1 Department of Clinical Sciences, Faculty of Veterinary Medicine, Shahid Chamran University of Ahvaz, Ahvaz, Iran

2 Department of Pathobiology, Faculty of Veterinary Medicine, Shahid Chamran University of Ahvaz, Ahvaz, Iran

3 PhD Candidate of Bacteriology, Department of Pathobiology, Faculty of Veterinary Medicine, Shahid Chamran University of Ahvaz, Ahvaz, Iran

4 Department of Research and Development, Razi Vaccine and Serum Research Institute, Agricultural Research Education and Extension Organization (AREEO), Ahvaz, Iran

Abstract

Ornithobacterium rhinotracheale (ORT) is a bacterium associated with respiratory disease, growth retardation, decreased egg production and mortality in chickens and turkeys. The objective of this study was isolation, identification and evaluation of antimicrobial susceptibility of ORT bacterium in slaughtered broilers chicken flocks based on cultural and molecular tests in Khuzestan province, south-west of Iran.
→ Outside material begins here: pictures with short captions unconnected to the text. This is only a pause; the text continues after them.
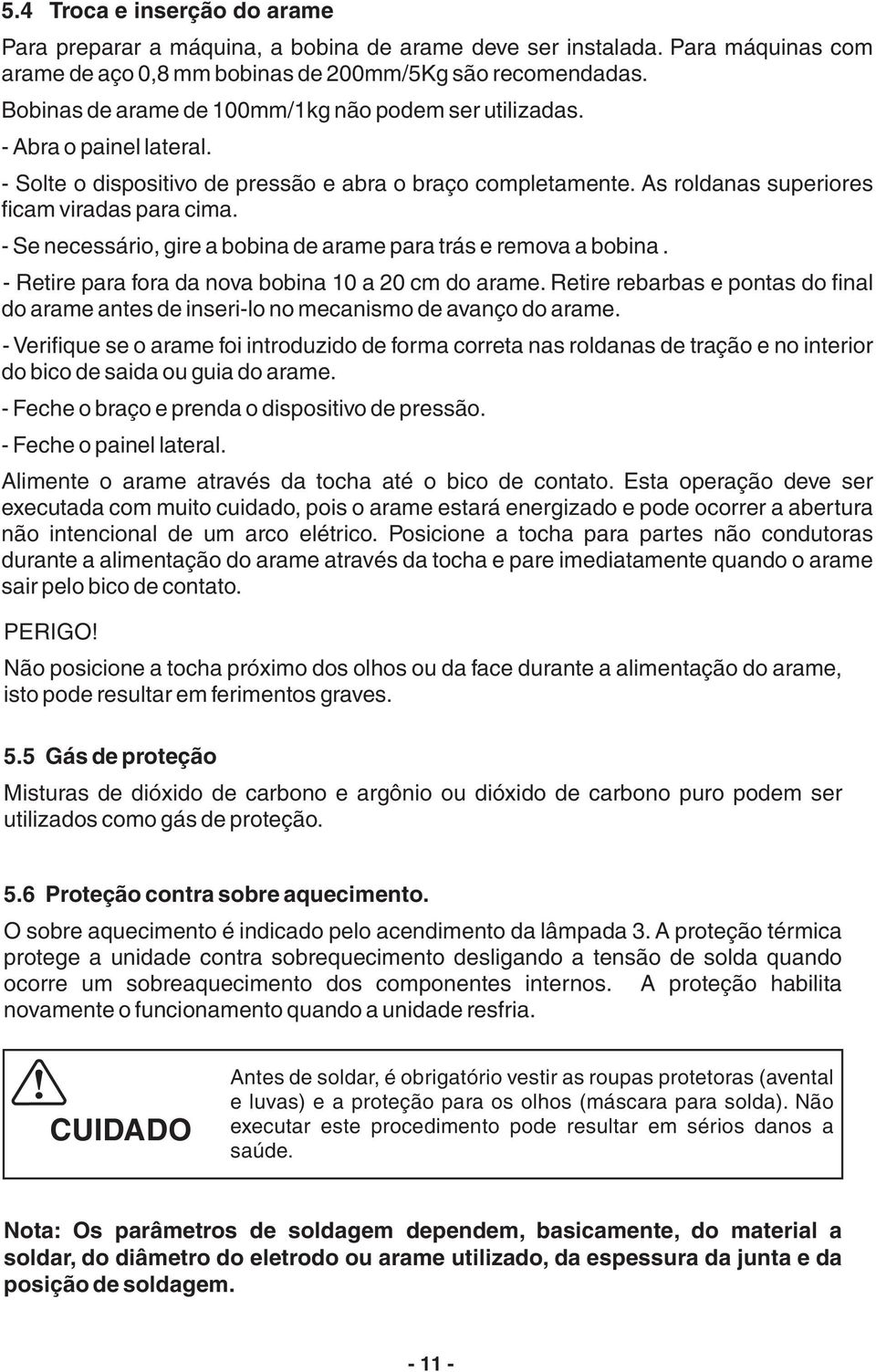 - Se necessário, gire a bobina de arame para trás e remova a bobina. - Retire para fora da nova bobina 0 a 20 cm do arame.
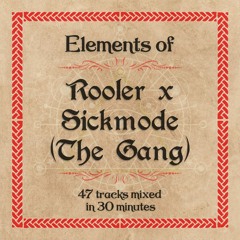 Elements Of The Gang (Rooler x Sickmode)
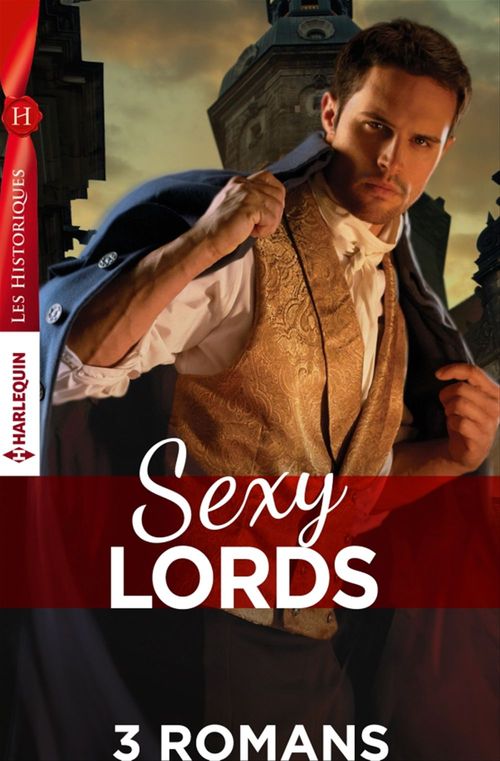 Couverture ebook de Coffret Sexy Lords, de Ann Lethbridge, Anne Herries, Michelle Styles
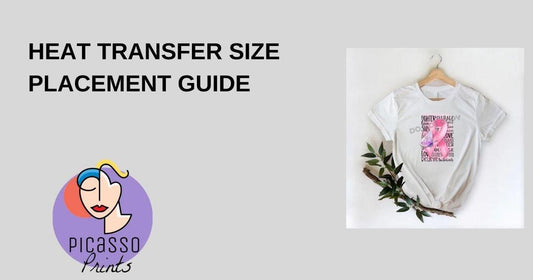 Heat Transfer Size Placement Guide - Picasso Print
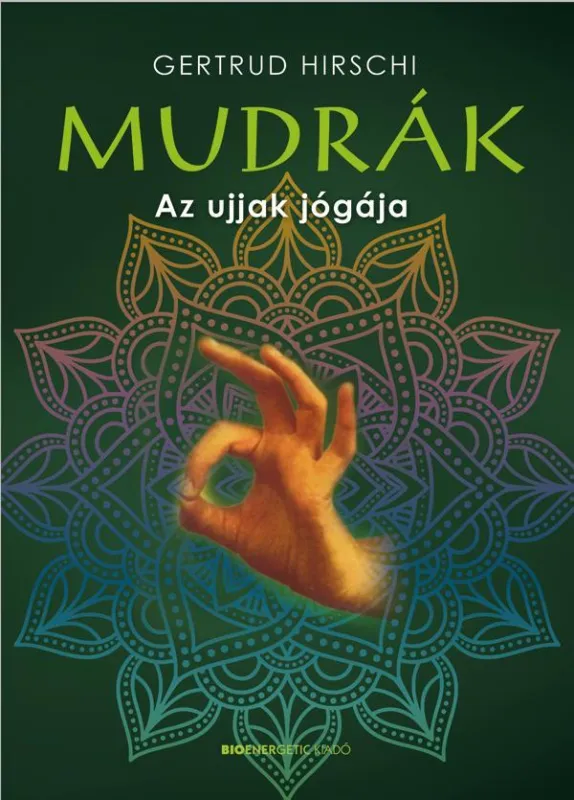 Utolsó esély MUDRÁK - AZ UJJAK JÓGÁJA - ÁTDOLG. KIADÁS (FŰZÖTT)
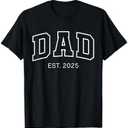Promoted To Dad Est 2025 Daddy To Be Gifts First Time Dad T-Shirt, Large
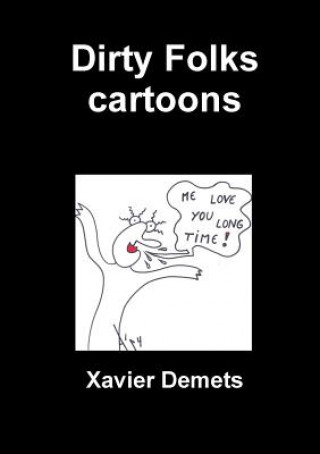 Livre Dirty Folks cartoons Xavier Demets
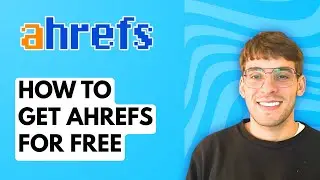 How to Get Ahrefs for Free [2026 Full Guide]
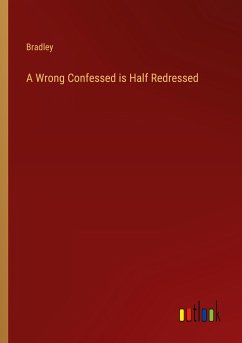 A Wrong Confessed is Half Redressed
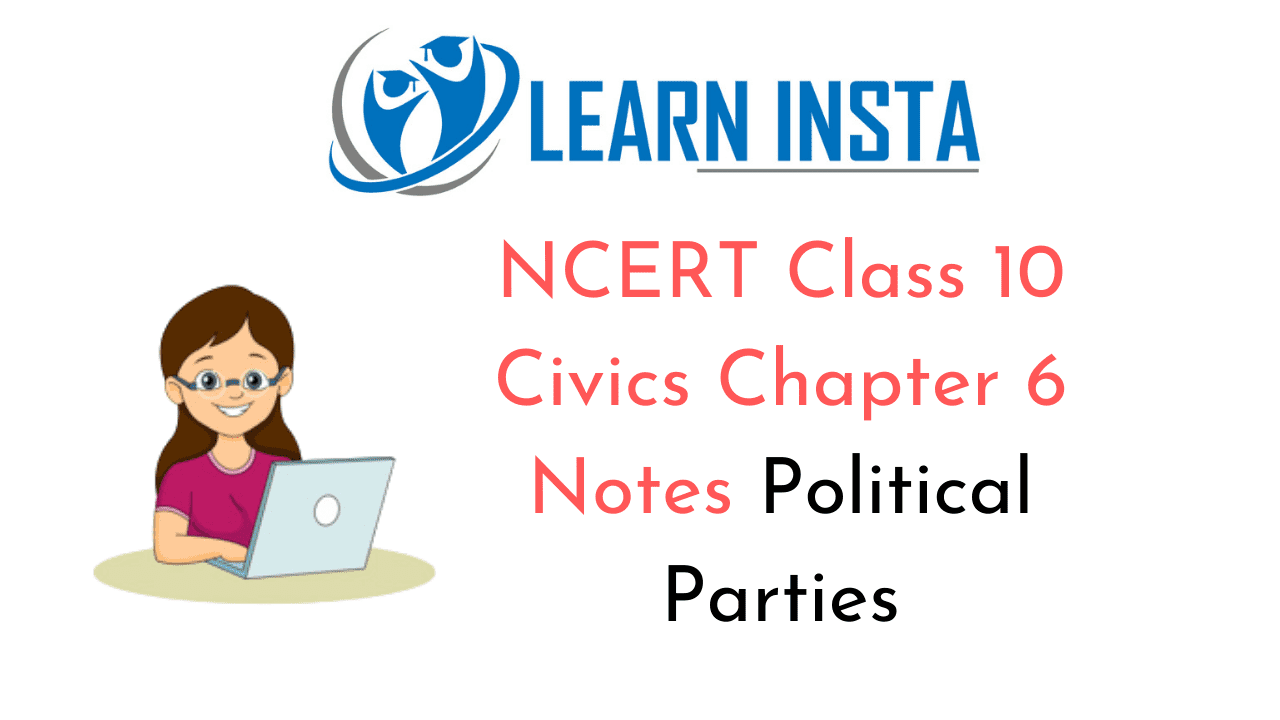 NCERT Class 10 Civics Chapter 6 Notes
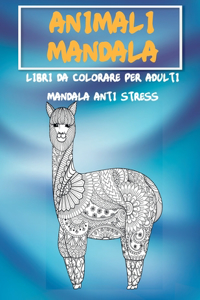 Libri da colorare per adulti - Mandala Anti stress - Animali Mandala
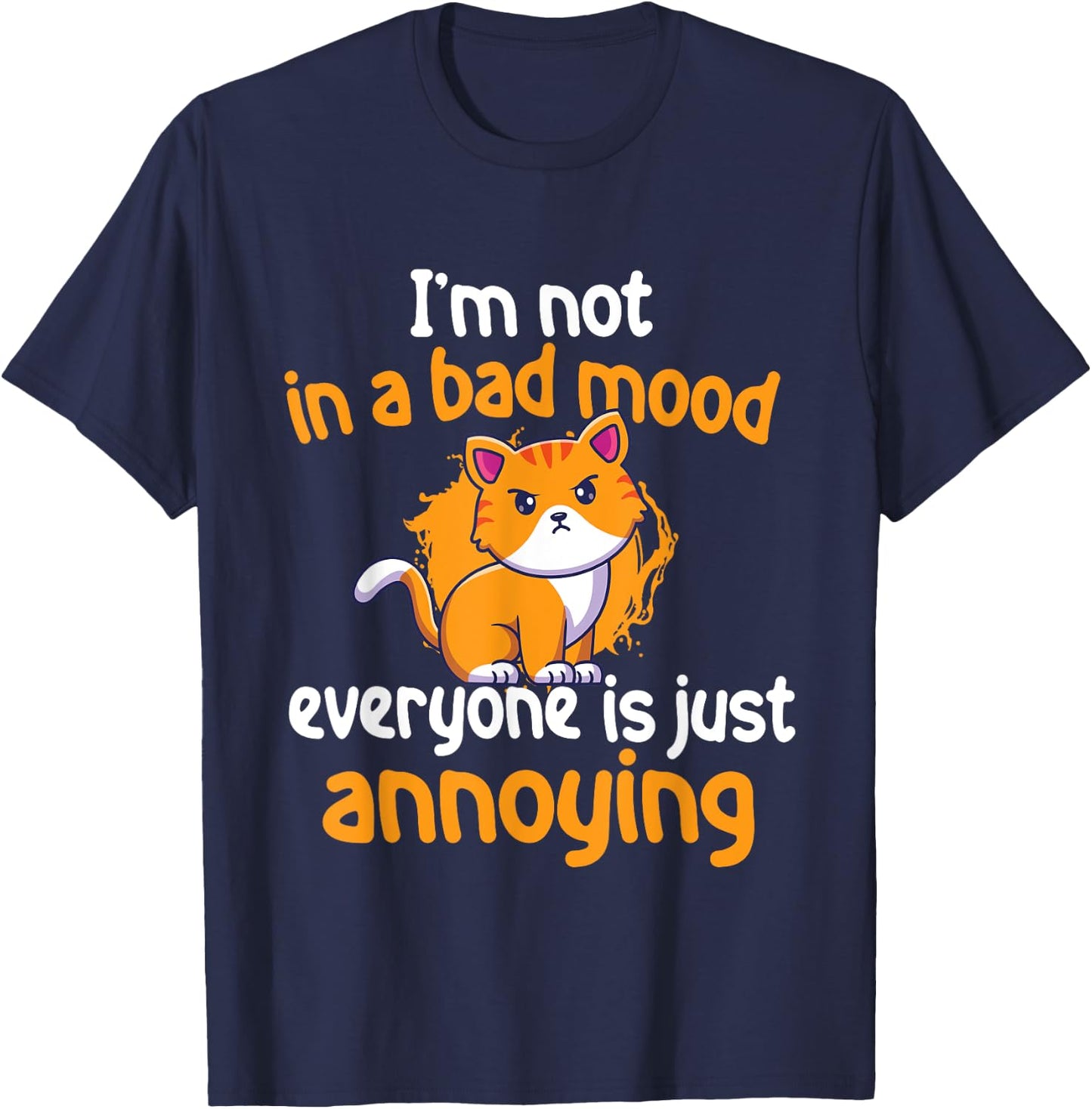I'm Not In A Bad Mood Everyone Is Just Annoying - Cat Lover Men Women Girls Kids T-Shirt - T-Shirt | Navy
A total of 210 tracheal swab samples were collected from 21 broiler flocks slaughtered in abattoirs of the province. The results of cultural and biochemical tests showed that 23 (10.95%) isolates from tracheal swabs of 4 flocks (19.04%) were identified as ORT, but according to molecular characterization, 18 (8.57%) ORT isolates were positive in PCR assay and produced the predicted 784 bp amplification product. Finally, using the disk diffusion method, the drug resistance patterns of ORT isolates were determined against a panel of commonly used antimicrobial agents. Antimicrobial susceptibility test revealed that all isolates (100%) were sensitive to tetracycline, florfenicol and cephalexin. The highest antimicrobial resistance (89.00%) was seen for fosfomycin, sultrim and gentamicin. The results of present research showed that there was significant difference between the isolation rates of ORT from various areas of the province. As well, our findings indicated that the simultaneous use of both cultural and molecular techniques results in more comprehensive outcomes in the isolation and identification of the organismfrom understudy hosts.

Keywords

Main Subjects

Introduction

 

Ornithobacterium rhinotracheale (ORT) is a highly pleomorphic gram-negative and rod-shaped bacterium which causes important economic loss in poultry industry.1 It has been isolated from geese, fowls, chickens, ducks, turkeys, pigeons, partridges, chukar, partridges, ostriches, pheasants, quails, guinea gulls and rooks.2 Respiratory disease caused by ORT has been reported worldwide, although the severity of disease varies greatly depending on management factors and the presence of concurrent infections. The disease is characterized by airsacculitis, tracheitis and fibrinous pneumonia in severely affected birds. Mortality has been reported to be up to 10.00% in infected flocks and the high carcass condemnation rates lead to marked economic loss to producers. Other respiratory pathogens such as E. coli or Bordetella avium are often isolated with ORT and contribute to the clinical lesions observed.1,3

There are reports of ORT infections in many countries.4-7 In Iran, ORT infection was reported by Banani et al. for the first time. 8 Consequently, the results of serological studies from poultry flocks indicate that ORT is a relatively common pathogen in respiratory cases and occurs in different regions of the country.9-12 So far, a study using both cultural and molecular methods to identify the organism has not been carried out in the south-west areas of Iran, especially in Khuzestan province. The aim of the present research was isolation, identification and evaluation of antibiotic resistance profile of ORT by both biochemical and molecular methods in slaughtered broiler chicken flocks of Khuzestan province, Iran.

 

Materials and Methods

 

Sample collection. A total of 210 tracheal swab samples were randomly collected from different 21 slaughtered broilers chicken flocks, with or without respiratory signs, in abattoirs of Khuzestan province, southwest of Iran, during the period of June to December 2015. Samples were transferred to Department of Pathobiology, Shahid Chamran University of Ahvaz, in test tubes with Cary-Blair transport medium (Becton-Dickinson, Maryland, USA) and in special sterile ice-filled containers to reserve the bacteria and prevent swabs from drying out after sampling.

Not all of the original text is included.